• _About this exercise_
Return, with both end lines included, exactly what the data below holds from the line with "Group of people" through the line with "unfurnished sunroom with", though not the pictures.

• _Record extracts_

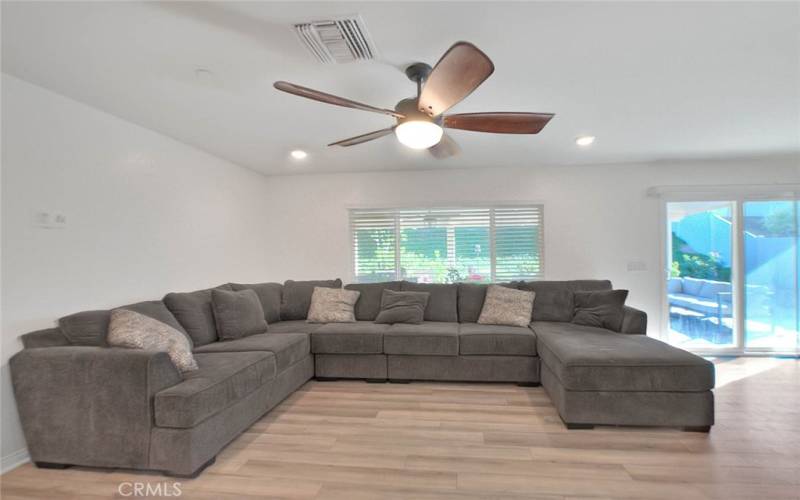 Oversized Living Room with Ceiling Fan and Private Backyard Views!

* * *

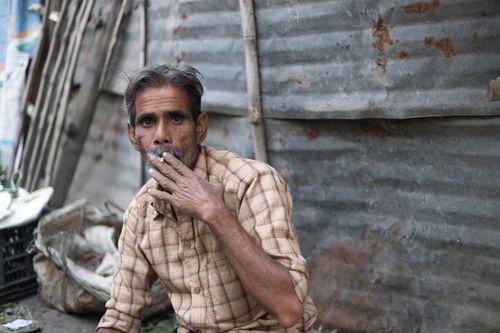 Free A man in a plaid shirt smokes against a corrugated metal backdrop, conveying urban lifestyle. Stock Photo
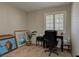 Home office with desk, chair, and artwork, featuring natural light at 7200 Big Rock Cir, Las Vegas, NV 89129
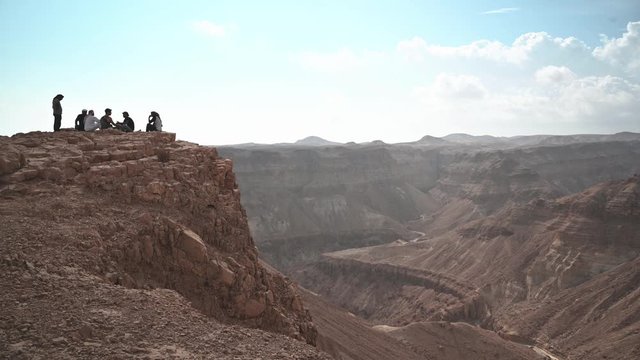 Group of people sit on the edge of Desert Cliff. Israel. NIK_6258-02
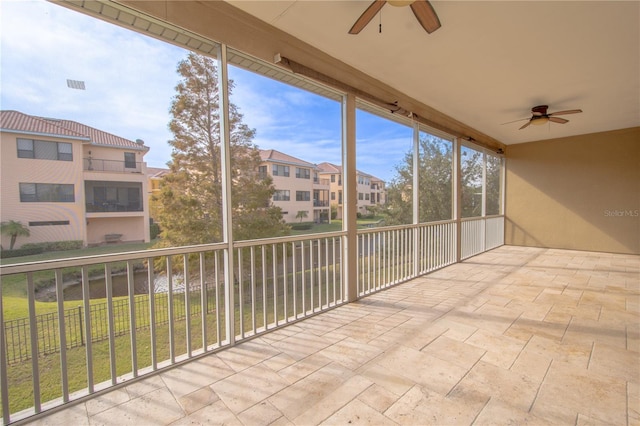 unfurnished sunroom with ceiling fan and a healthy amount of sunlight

==

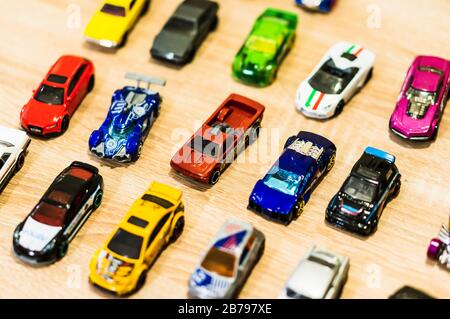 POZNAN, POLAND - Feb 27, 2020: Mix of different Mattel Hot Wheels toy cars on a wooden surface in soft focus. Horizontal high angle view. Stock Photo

• _Task response_
 Group of people sit on the edge of Desert Cliff. Israel. NIK_6258-02
 unfurnished sunroom with ceiling fan and a healthy amount of sunlight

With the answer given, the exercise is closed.